With a high-profile bug leaving Microsoft’s Internet Explorer vulnerable to attack, and about 25 percent of the world still running Windows XP, should Microsoft release a patch for XP users, making an exception to its decision to end support for the aging operating system?
That’s the question as the company scrambles to address the bug, which is severe enough to prompt the U.S. Computer Emergency Readiness Team to advise users to seriously consider using alternative browsers.

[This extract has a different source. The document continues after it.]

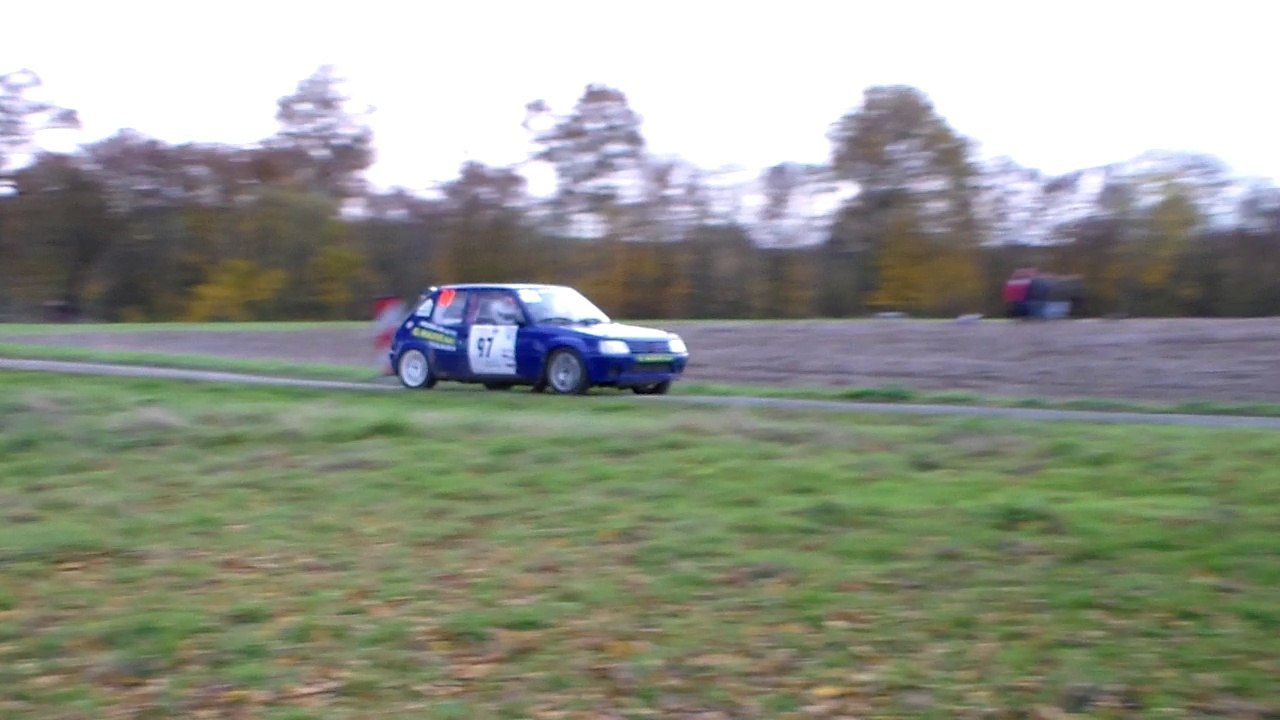 rallye de l'indre 2016   205 rallye#97    ES3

According to Microsoft’s security advisory, the flaw affects everything from Internet Explorer 6 up to the most recent version of Internet Explorer 11, although security research firm FireEye, which discovered the vulnerability, says hackers are primarily targeting IE 9 through 11.

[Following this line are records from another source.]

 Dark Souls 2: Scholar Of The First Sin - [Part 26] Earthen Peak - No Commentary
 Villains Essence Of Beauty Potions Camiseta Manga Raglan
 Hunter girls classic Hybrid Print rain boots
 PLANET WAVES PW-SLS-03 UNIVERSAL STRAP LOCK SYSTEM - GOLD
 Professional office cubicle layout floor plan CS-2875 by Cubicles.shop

Microsoft is working on a patch for its supported versions of Windows, but that doesn’t include Windows XP.
“Extended Support for Windows XP ended on April 8, 2014. Microsoft no longer provides security updates for this operating system,” a spokesperson said in an email. “Our advice to customers is to migrate to a modern OS, like Windows 7 or Windows 8.1.”

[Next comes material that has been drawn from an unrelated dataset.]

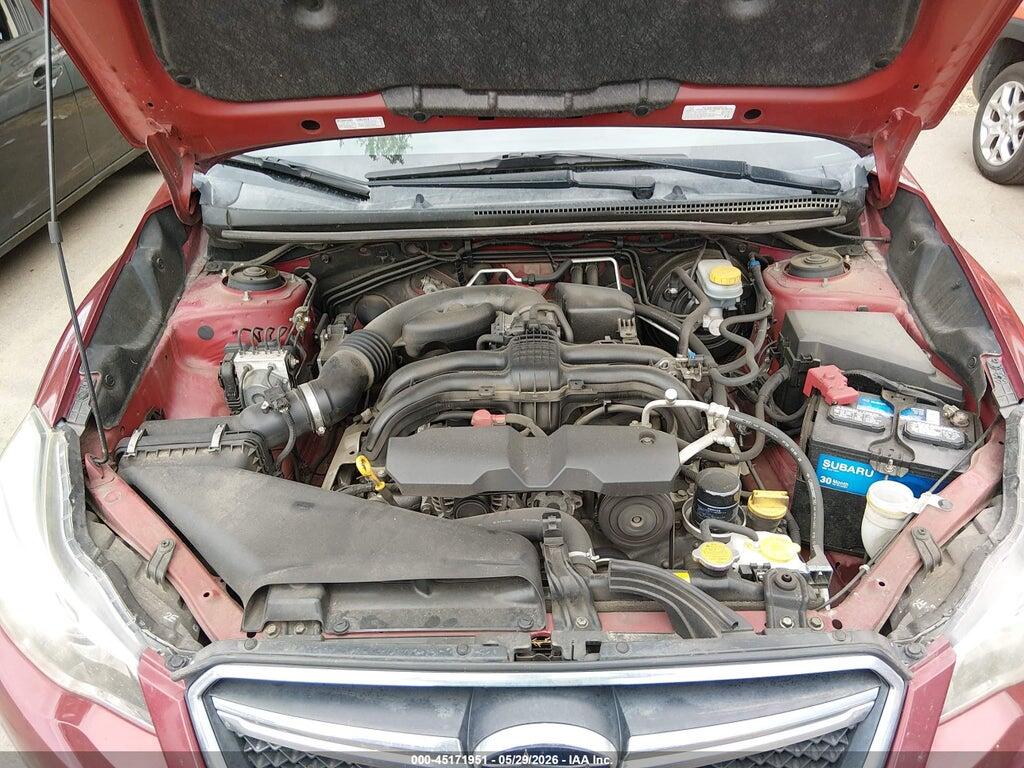 JF2GPABC0G8297789 2016 SUBARU CROSSTREK photo no. 10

In a commentary overnight, Mashable’s Lance Ulanoff called on Microsoft CEO Satya Nadella to reverse course with “One Last Patch” for Windows XP. Such a move would make Nadella “the temporary hero of millions of hapless Windows XP users,” and if presented in the right way, would underscore the security risks associated with remaining on Windows XP, Ulanoff contends.
However, given that the vulnerability is primarily being exploited on new Windows machines, the risk for Microsoft is that Windows XP users could seize the opportunity to move to Macs or Chromebooks instead.